The Preds received the kickoff and got back to their own five yard line. The Preds’ quarterback, Joe Hamilton, completed three passes in a row and wide out Cory Fleming scored with one second to go.
The Preds were now tied and only had to make the extra point to win. Inexplicably, the snap was high and the point was missed. Overtime.
Pat Haden was the game analyst and tried to keep up with Gruden’s thinking at the end of the game. The only thing Haden could come up with was that one needed to be counterintuitive to make the right decisions at the end of these AFL games.
So, one captain from each team went out for the coin flip. Haden opined that the team which won the flip would take the ball since, by AFL rules, each team gets one possession in OT, then the game goes into sudden death. Haden reasoned correctly that it would not make sense to defer in OT since the team which deferred would need to go for two if the other team scored a touchdown and an extra point.
All of these counterintuitive decisions are based on the fact that most AFL teams score a touchdown on every possession. If a team doesn’t score, it is a major turning point in the game. Usually, the teams score a touchdown over seventy percent of the time. It’s like men’s tennis. Most professional men hold their serve. If they don’t, they usually lose the match.
Gruden sent out The Glove, Kenny McIntyre, to manage the flip. The Preds won the toss but elected to defer. Haden was beside himself because of the decision. He didn’t second guess Gruden but expressed some displeasure with the call.
So, the Avengers gladly accepted the Preds’ gift and went on offense after a mediocre kick off. The Avengers easily drove downfield and scored to take a six point lead. However, inexplicably, the best kicker in the AFL missed the point after.
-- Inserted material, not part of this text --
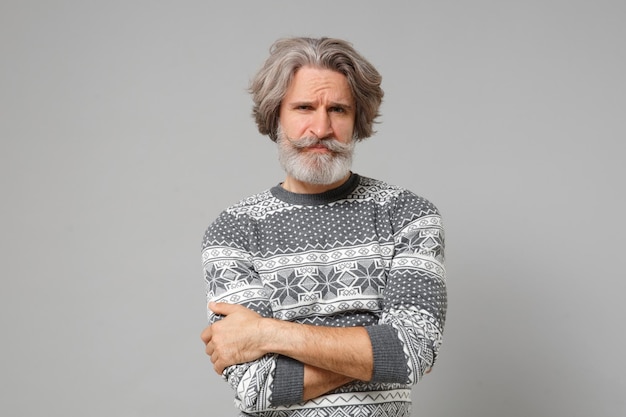 Hombre barbudo con bigote de pelo gris descontentado con suéter de punto posando aislado en el fondo de la pared gris, retrato de estudio. Concepto de estilo de vida de las personas. Simulacros de espacio de copia. Tomados de la mano cruzados.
The Preds took the kickoff back to the sixteen and then Hamilton lofted an easy pass to a
wide open receiver who scored easily. The Pred’s kicker make the extra point to end the game. Easy victory for the Preds.
But, what about Pat Haden? He remained in brain lock from what he had just seen. He had logically laid out the obvious decisions which needed to be made but neither coach followed his logic.
The Preds won the game because they had a coach who had been around arena football for over a decade. He was an arena football savant. Pat Haden is NFL smart but not arena football smart.
A lesson was learned from the viewing of this game. And they say you can’t learn anything from watching sports. Hah.